Rapidly Evolving Necrotic Plaques and Nodules in a Middle-aged Woman

Author Affiliations
  • 1Department of Dermatology, University of Minnesota, Minneapolis
JAMA Dermatol. Published online February 19, 2020. doi:10.1001/jamadermatol.2019.4992


A woman in her 50s presented to a tertiary dermatology referral center with scaly erythematous patches and plaques covering 10% of her total body surface area without clinically appreciable lymphadenopathy. Histopathological testing demonstrated an epidermotropic infiltrate of hyperchromatic, convoluted, atypical CD3+, CD4, and CD8+ lymphocytes with haloed nuclei with basilar tagging and papillary dermal fibrosis. Studies of T-cell gene rearrangements identified a clonal population. Blood-flow cytometry did not reveal aberrant T-cell immunophenotypes. She was treated initially with topical and intralesional corticosteroids and narrow band UV B phototherapy. Oral bexarotene was subsequently added for recalcitrant disease. Within 2 months, she developed isolated, painful tumors. A second biopsy was performed, which was notable for an epidermotropic infiltrate of CD3+, CD4, and CD8 weak lymphocytes, which were positive for TIA-1, granzymes, and B factor (Bf) 1 and negative for CD30 and CD56. The results of flow cytometry and imaging were unremarkable. After an initial favorable response with chlorambucil, she developed expanding ulcerated tumors complicated by a polymicrobial superinfection. Chlorambucil was discontinued in favor of antimicrobial treatment. She then received liposomal doxorubicin, although skin involvement continued to progress rapidly, with ulcerating tumors making up as much as 80% of her total body surface area. She was hospitalized for worsening disease and pain (Figure, A). Repeated histopathologic analysis was done (Figure, B, C, and D).

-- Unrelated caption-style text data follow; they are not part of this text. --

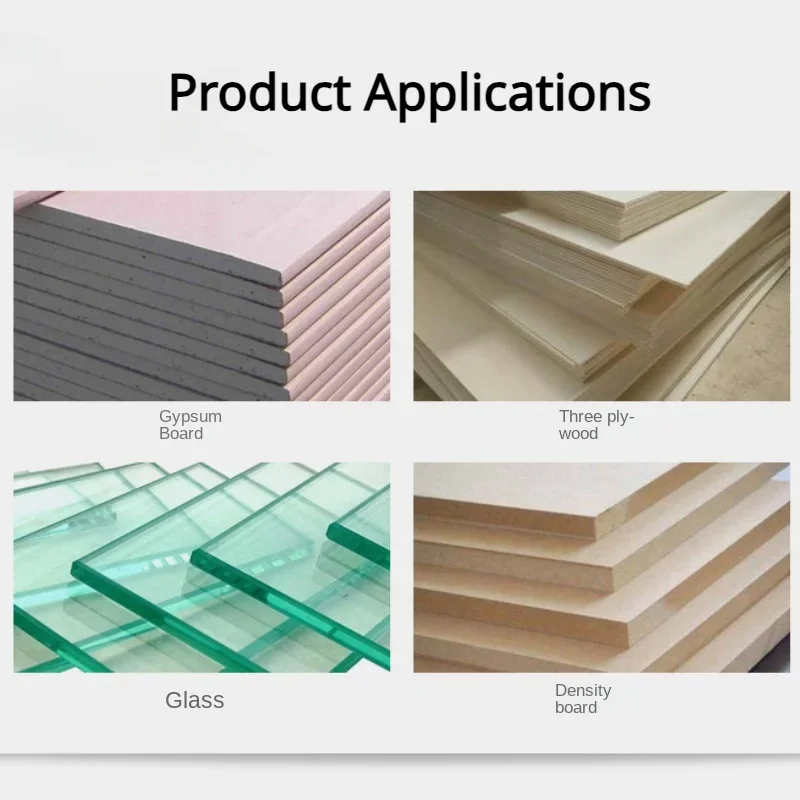 Praktische voetlift met gipsplaat gipsplaat glazen voetpaneel metalen antislip anti-ontkoppeling lifter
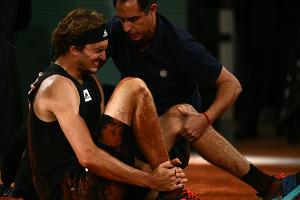 Zverev soll ohne Zeitdruck am Comeback arbeiten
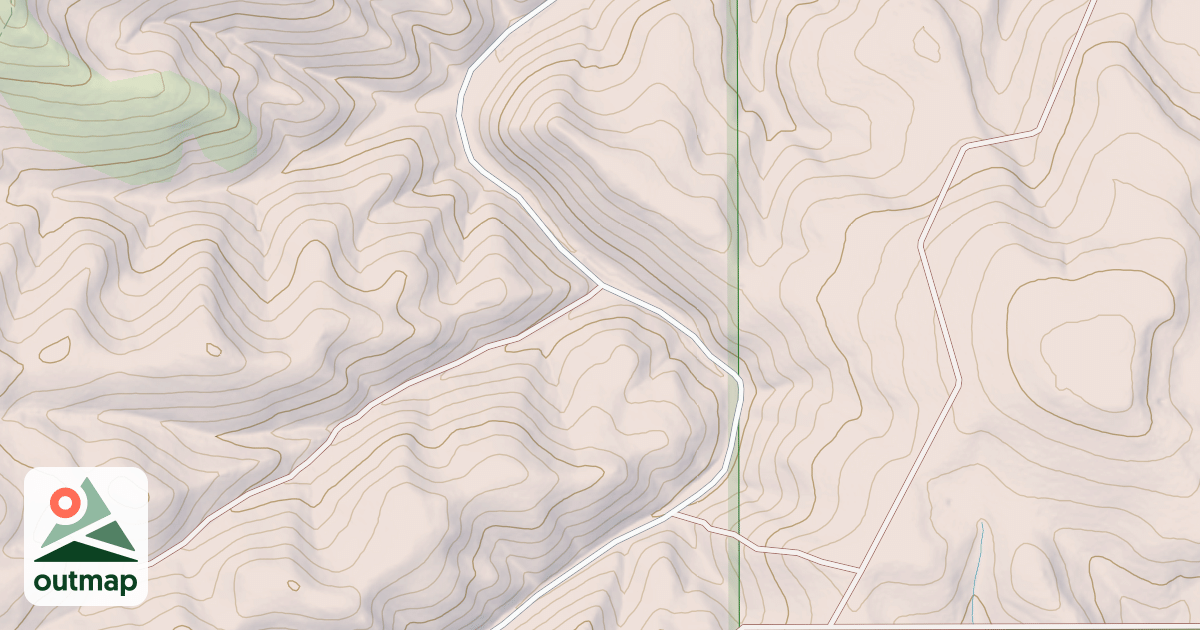 Map of LAKETOWN CANYON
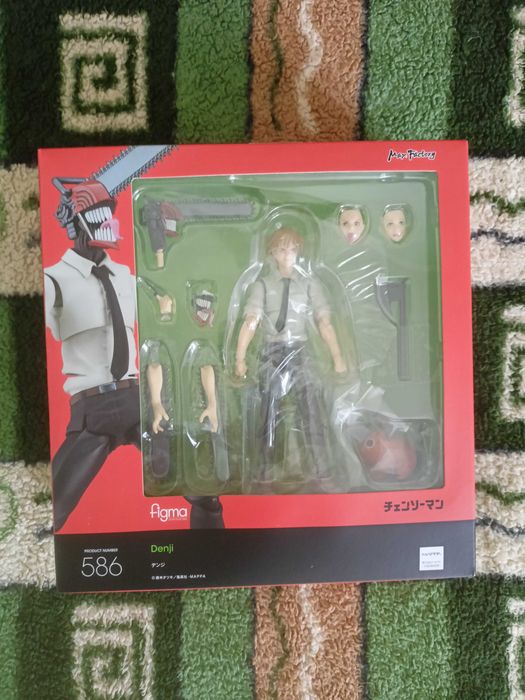 Фігурка Денджі Почіта Chainsaw Man Figma (#586)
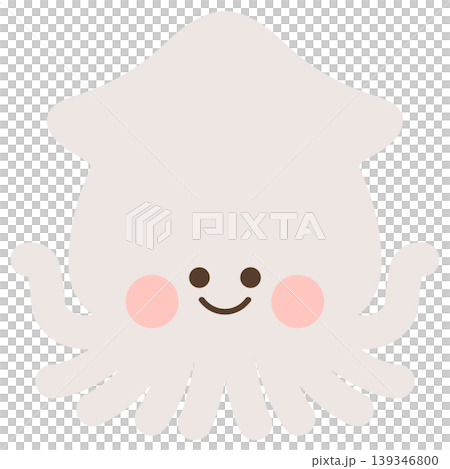 Cute squid Cute squid 139346800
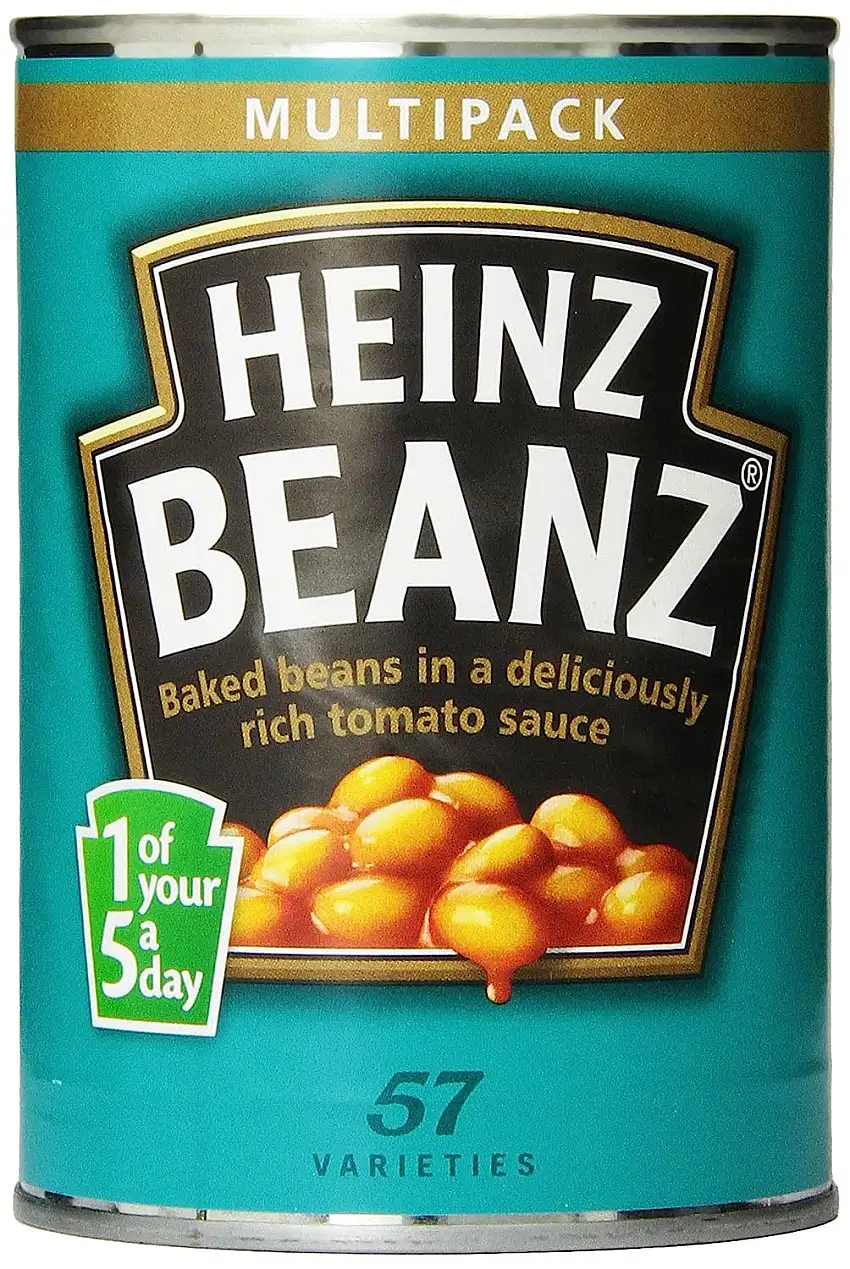 Heinz Baked Beans. Baked Beans 415G 4 Pack (England)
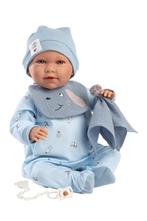 Llorens Pop Mimo Lloron Met dou dou 42cm (Poppen 37- 45 cm), Kinderen en Baby's, Speelgoed | Poppen, Ophalen of Verzenden, Nieuw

A, Clinical image. B, Original magnification ×50. C, Considerable lymphocytic epidermotropism in a pagetoid reticulosis–like pattern without striking Pautrier microabscesses (original magnification ×230). D, Original magnification ×50.

A, Clinical image. B, Original magnification ×50. C, Considerable lymphocytic epidermotropism in a pagetoid reticulosis–like pattern without striking Pautrier microabscesses (original magnification ×230). D, Original magnification ×50.

Box Section Ref ID

What Is Your Diagnosis?

  1. CD8+ mycosis fungoides

  2. Lymphomatoid papulosis, type D

  3. Primary cutaneous aggressive epidermotropic cytotoxic CD8+ T-cell lymphoma

  4. Natural killer/T-cell lymphoma



C. Primary cutaneous aggressive epidermotropic cytotoxic CD8+ T-cell lymphoma


The repeated histopathologic analysis revealed atypical, strikingly epidermotropic lymphocytes positive for CD3, CD8, TIA1, granzymes, and Bf1 and negative for CD4, CD30, CD56, and Epstein-Barr virus–encoded RNA, with enlarged, misfolded nuclei throughout the spinous layer (Figure, C and D). Histological testing and clinical presentation supported a diagnosis of primary cutaneous aggressive epidermotropic cytotoxic CD8+ T-cell lymphoma (PCECTCL).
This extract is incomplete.